R/ht_1pop_prop.R
In statBasics: Basic Functions to Statistical Methods Course

Documented in ht_1pop_prop

#' Hypothesis testing for the population proportion
#'
#' One-sample test for proportion.
#'
#' @param x a (non-empty) numeric vector indicating the number of successes. It can also be a vector with the number of successes, or it can be vector of 0 and 1.
#' @param n a (non-empty) numeric vector indicating the number of trials. It can also be a vector with the number of trials (if \code{x} is a vector of successes), or it can be \code{NULL} (if \code{x} is a vector of 0 e 1).
#' @param proportion a number between 0 e 1 indicating the value in the null hypothesis. Default value is 0.5.
#' @param alternative a character string specifying the alternative hypothesis, must be one of ‘"two.sided"’ (default), ‘"greater"’ or ‘"less"’.  You can specify just the initial letter.
#' @param conf_level a number indicating the confidence level to compute the confidence interval. If \code{conf_level = NULL}, then the confidence interval is not included in the output. Default value is \code{NULL}.
#' @param sig_level a number indicating the significance level to use in the General Procedure for Hypotheiss Testing.
#' @param na.rm a logical value indicating whether \code{NA} values should be removed before the computation proceeds.
#'
#' @import stats stringr tibble
#'
#' @return a \code{tibble} with the following columns:
#' \describe{
#' \item{statistic}{the value of the test statistic.}
#' \item{p_value}{the p-value for the test.}
#' \item{critical_value}{critical value in the General Procedure for Hypothesis Testing.}
#' \item{critical_region}{critical region in the General Procedure for Hypothesis Testing.}
#' \item{proportion}{a number indicating the true value of the proportion.}
#' \item{alternative}{character string giving the direction of the alternative hypothesis.}
#' \item{lower_ci}{lower bound of the confidence interval. It is presented only if \code{!is.null(con_level)}.}
#' \item{upper_ci}{upper bound of the confidence interval.
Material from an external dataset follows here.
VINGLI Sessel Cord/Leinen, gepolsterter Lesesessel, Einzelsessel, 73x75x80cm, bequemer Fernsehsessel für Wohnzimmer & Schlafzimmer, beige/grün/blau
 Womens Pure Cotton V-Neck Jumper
It is presented only if \code{!is.null(con_level)}.}
#' }
#'
#' @import stats stringr tibble
#'
#' @export
#'
#' @examples
#' sample <- rbinom(1, size = 100, prob = 0.75)
#' ht_1pop_prop(sample, proportion = 0.75, 100, conf_level = 0.99)
#'
#' sample <- c(rbinom(1, size = 10, prob = 0.75),
#' rbinom(1, size = 20, prob = 0.75),
#' rbinom(1, size = 30, prob = 0.75))
#' ht_1pop_prop(sample, c(10, 20, 30), proportion = 0.99, conf_level = 0.90, alternative = 'less')
#'
#' sample <- rbinom(100, 1, prob = 0.75)
#' ht_1pop_prop(sample, proportion = 0.01, conf_level = 0.95, alternative = 'greater')
ht_1pop_prop <- function(x, n = NULL, proportion = 0.5, alternative = "two.sided", conf_level = NULL, sig_level = 0.05, na.rm = TRUE) {
  if (!(alternative %in% c("two.sided", "greater", "less"))) {
    stop("'alternative' must be one of 'two.sided', 'greater' or 'less'.")
  }

  if (sig_level < 0 | sig_level > 1) {
    stop("'sig_level' must be a number between 0 and 1.")
  }

  if (is.null(n)) {
    if (!(min(x, na.rm = T) == 0 & max(x, na.rm = T) == 1)) {
      stop("'x' must be a vector of 0 and 1 when 'n == NULL'.")
    }
  }

  if (na.rm == TRUE) {
    if (!is.null(n)) {
      logical_pos <- !(is.na(x) | is.na(n))
      x <- x[logical_pos]
      n <- n[logical_pos]
    } else {
      logical_pos <- !is.na(x)
      x <- x[logical_pos]
    }
  }

  if (!is.null(n)) {
    if (length(x) != length(n)) {
      stop("'x' and 'n' must have the same length.")
    } else if (any(x > n, na.rm = T)) {
      stop("Number of sucess must be equal or smaller than number of trials.")
    } else if (any(x < 0, na.rm = T)) {
      stop("Number of sucess must be non-negative.")
    }
  } else {
    n <- rep(1, length(x))
  }

  p_hat <- sum(x) / sum(n)
  statistic <- (p_hat - proportion) * sqrt(sum(n)) / sqrt(proportion * (1 - proportion))
  if (alternative == "two.sided") {
    p_value <- 2 * (1 - pnorm(abs(statistic)))
    critical_value <- qnorm(1 - sig_level / 2)
    critical_region <- stringr::str_interp("(-Inf,-$[2.3f]{critical_value})U($[2.3f]{critical_value}, Inf)")
  } else if (alternative == "less") {
    p_value <- pnorm(statistic)
    critical_value <- qnorm(sig_level)
    critical_region <- stringr::str_interp("(-Inf,$[2.3f]{critical_value})")
  } else {
    p_value <- 1 - pnorm(statistic)
    critical_value <- qnorm(1 - sig_level)
    critical_region <- stringr::str_interp("($[2.3f]{critical_value}, Inf)")
  }

  if (!is.null(conf_level)) {
    ci <- ci_1pop_bern(x, n, conf_level = conf_level)
    output <- tibble::tibble(statistic, p_value, critical_value, critical_region, alternative, proportion, sig_level, lower_ci = ci$lower_ci, upper_ci = ci$upper_ci, conf_level = ci$conf_level)
  } else {
    output <- tibble::tibble(statistic, p_value, critical_value, critical_region, alternative, proportion, sig_level)
  }

  output
}